L’ancien député et avocat Joseph Manès Louis soutient que la décision de la majorité qualifiée du Conseil présidentiel de transition (CPT) visant à révoquer le Premier ministre de facto Alix Didier Fils-Aimé est juridiquement valide, malgré le refus du coordonnateur du CPT de transmettre la résolution adoptée par cinq des sept membres du Conseil. Selon lui, le contexte actuel de gouvernance de transition en Haïti, marqué par des crises politiques et institutionnelles, justifie l’application de principes relatifs aux pouvoirs de facto et aux circonstances exceptionnelles, plutôt que l’analyse classique fondée sur le droit constitutionnel ordinaire.

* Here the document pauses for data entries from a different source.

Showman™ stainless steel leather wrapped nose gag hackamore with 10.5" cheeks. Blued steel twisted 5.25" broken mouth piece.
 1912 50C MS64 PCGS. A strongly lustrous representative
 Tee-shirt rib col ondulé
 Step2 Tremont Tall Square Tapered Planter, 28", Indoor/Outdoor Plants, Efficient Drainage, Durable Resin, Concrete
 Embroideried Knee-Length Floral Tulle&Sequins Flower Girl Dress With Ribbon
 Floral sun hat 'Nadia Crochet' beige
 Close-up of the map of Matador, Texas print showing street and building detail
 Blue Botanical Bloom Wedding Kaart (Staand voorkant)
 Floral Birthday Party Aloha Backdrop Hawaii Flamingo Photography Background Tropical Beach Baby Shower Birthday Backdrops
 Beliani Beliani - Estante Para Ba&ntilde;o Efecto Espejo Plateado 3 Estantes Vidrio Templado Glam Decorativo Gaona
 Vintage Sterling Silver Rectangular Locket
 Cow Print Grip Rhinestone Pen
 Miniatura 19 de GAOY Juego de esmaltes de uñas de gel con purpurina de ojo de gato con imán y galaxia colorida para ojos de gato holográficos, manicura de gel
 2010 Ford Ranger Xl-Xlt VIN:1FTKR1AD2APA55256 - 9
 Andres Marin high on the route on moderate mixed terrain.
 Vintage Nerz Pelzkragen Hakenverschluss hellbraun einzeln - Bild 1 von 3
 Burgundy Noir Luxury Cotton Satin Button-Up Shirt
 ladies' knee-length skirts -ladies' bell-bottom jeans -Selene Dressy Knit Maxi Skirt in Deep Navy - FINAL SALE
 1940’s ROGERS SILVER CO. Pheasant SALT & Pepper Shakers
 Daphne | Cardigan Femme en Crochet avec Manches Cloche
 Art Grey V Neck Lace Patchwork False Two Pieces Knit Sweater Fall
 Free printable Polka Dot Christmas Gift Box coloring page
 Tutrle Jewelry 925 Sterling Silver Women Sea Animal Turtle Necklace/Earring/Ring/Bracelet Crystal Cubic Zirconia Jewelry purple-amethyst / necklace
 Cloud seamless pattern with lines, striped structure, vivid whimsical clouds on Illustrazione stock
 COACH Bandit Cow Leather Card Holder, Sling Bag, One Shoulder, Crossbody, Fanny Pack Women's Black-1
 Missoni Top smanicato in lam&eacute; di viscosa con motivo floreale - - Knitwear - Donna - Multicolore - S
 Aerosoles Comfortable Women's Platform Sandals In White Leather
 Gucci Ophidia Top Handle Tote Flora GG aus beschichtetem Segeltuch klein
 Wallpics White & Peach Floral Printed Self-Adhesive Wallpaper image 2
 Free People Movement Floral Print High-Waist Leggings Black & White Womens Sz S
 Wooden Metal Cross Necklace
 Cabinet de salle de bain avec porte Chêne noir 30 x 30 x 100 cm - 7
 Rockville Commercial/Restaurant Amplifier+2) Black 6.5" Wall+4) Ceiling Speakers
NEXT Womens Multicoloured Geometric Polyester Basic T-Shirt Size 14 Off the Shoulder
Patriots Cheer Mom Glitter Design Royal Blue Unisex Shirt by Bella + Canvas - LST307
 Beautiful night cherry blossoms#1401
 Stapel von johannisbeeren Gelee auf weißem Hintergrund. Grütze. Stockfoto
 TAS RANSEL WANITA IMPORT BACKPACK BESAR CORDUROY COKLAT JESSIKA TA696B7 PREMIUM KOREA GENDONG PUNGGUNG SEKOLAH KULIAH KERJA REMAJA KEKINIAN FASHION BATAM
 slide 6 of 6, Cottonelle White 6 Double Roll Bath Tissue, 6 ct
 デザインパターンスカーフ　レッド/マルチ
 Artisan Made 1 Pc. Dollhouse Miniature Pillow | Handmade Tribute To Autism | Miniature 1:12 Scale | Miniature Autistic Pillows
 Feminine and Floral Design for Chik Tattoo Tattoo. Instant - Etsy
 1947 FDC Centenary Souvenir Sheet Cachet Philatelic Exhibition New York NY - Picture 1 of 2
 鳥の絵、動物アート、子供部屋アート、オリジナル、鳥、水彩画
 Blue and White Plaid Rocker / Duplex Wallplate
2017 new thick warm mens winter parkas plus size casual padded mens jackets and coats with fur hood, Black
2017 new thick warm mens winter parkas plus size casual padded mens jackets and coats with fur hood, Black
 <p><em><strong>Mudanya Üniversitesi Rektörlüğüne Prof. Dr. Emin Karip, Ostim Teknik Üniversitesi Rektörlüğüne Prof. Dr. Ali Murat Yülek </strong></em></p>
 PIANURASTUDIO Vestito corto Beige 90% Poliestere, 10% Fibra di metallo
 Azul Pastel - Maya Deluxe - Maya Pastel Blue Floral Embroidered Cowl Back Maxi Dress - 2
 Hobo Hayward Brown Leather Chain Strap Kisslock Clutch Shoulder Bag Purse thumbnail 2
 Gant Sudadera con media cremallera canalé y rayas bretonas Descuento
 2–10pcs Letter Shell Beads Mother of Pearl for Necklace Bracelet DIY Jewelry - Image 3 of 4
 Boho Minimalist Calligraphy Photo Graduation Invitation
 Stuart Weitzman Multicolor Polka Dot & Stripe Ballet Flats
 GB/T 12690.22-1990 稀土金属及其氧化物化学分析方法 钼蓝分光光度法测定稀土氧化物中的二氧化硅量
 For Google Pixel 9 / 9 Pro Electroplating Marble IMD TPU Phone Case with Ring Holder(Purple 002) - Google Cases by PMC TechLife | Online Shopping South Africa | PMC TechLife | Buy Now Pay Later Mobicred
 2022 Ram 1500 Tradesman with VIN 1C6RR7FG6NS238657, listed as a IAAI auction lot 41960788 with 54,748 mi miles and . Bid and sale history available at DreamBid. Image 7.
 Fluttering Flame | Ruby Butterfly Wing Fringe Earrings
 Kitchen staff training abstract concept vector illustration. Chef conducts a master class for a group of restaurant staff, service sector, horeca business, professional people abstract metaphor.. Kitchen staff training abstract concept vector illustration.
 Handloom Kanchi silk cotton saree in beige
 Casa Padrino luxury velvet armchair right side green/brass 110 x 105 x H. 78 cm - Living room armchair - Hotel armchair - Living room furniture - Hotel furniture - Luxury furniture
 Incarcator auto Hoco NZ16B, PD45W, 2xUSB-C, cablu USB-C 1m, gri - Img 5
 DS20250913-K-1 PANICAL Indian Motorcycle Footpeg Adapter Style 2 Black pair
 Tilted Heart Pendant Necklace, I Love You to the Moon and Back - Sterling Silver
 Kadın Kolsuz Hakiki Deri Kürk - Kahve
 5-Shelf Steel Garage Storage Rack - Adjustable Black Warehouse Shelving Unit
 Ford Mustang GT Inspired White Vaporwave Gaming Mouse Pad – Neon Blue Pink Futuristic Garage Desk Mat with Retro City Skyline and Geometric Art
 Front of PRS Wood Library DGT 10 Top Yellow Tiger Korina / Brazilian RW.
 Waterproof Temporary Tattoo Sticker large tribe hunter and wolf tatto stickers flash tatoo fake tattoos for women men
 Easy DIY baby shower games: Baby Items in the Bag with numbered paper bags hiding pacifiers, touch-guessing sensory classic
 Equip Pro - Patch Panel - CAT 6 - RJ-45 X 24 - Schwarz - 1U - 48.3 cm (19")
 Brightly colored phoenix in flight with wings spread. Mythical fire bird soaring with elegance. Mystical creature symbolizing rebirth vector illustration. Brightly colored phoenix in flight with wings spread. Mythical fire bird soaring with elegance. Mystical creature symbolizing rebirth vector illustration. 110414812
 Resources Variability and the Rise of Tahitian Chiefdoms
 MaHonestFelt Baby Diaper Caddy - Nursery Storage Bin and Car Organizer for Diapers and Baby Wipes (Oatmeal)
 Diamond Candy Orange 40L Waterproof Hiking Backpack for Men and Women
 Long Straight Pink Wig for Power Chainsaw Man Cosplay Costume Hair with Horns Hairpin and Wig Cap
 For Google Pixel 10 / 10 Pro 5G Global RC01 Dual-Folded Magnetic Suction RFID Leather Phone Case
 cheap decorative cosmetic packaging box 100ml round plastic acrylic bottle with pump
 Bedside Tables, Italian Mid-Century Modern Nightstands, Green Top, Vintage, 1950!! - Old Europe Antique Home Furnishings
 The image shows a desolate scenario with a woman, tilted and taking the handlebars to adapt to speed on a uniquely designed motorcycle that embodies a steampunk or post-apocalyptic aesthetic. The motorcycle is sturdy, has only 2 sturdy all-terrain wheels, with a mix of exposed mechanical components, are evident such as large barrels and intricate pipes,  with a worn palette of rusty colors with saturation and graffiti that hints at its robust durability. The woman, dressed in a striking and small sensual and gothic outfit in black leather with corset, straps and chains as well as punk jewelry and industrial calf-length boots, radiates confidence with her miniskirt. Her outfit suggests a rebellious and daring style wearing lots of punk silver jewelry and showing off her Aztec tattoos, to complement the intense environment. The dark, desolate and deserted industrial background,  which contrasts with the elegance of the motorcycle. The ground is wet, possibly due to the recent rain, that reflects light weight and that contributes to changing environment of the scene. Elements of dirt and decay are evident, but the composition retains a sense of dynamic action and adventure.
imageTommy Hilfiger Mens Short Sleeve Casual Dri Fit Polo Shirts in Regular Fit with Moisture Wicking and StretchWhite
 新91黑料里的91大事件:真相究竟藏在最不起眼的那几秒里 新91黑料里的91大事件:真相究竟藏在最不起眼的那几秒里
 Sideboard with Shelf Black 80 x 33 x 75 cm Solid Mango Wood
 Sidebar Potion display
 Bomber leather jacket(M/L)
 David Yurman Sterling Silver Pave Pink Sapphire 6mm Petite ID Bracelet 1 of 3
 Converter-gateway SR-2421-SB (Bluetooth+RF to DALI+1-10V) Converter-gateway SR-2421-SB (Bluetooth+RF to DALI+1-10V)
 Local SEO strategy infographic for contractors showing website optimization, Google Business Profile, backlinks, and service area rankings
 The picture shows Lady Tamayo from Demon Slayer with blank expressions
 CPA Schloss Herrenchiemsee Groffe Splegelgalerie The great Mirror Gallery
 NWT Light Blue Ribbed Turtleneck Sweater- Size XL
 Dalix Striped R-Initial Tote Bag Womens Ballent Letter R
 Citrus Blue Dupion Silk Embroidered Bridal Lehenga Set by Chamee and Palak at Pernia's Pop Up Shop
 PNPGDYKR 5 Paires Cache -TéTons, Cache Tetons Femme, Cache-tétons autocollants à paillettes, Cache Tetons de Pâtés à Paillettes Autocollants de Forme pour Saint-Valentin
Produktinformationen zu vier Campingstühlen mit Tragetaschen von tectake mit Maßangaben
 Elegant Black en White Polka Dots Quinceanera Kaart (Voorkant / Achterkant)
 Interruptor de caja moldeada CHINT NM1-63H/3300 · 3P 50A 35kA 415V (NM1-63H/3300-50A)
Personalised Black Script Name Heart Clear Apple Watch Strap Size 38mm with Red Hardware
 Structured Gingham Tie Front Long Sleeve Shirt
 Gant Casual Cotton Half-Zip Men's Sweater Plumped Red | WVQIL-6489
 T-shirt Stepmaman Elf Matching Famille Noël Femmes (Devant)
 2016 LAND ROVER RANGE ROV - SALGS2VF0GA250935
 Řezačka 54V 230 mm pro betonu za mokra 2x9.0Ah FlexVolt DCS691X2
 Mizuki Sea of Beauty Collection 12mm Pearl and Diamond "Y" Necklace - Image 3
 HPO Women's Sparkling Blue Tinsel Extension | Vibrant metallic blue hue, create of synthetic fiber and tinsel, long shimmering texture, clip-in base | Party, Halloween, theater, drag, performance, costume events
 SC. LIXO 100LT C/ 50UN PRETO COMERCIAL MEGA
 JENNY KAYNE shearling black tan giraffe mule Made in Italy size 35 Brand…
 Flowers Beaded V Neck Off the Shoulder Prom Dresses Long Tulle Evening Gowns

Joseph Manès Louis précise que le coordonnateur du CPT n’a pas plus de pouvoirs que ses pairs et ne peut, sous aucun prétexte, s’opposer à la décision de la majorité. Il qualifie ce refus de « rébellion » et estime qu’il constitue une nouvelle circonstance devant être réglée par la majorité qualifiée du Conseil. Dans ce cadre, il affirme que la majorité du CPT dispose de prérogatives larges, leur permettant de prendre et d’annuler des décisions dans les limites de ces circonstances exceptionnelles. Selon lui, ces décisions peuvent bénéficier d’une immunité totale, ce qui signifie que le non-respect des règles de forme, de procédure ou de compétence n’affecte pas la validité de la révocation du Premier ministre. Le chef du gouvernement sortant n’a ainsi d’autre choix que de gérer les affaires courantes en attendant l’installation de son successeur.
Quant à la mise en œuvre effective de cette décision, l’avocat évoque deux scénarios possibles : la désignation d’un président ad hoc du CPT chargé de notifier la résolution ou sa publication directe, suivie de l’installation du nouveau Premier ministre intérimaire. Il fait référence à la théorie de l’effectivité, selon laquelle le nouveau chef du gouvernement pourra exercer provisoirement les fonctions de l’administration, même si certaines formalités habituelles n’ont pas été respectées. Cette analyse souligne l’importance de la pratique de fait dans le contexte de transition haïtien, où les procédures ordinaires cèdent le pas aux nécessités de la gouvernance et à la survie institutionnelle dans des situations de crise.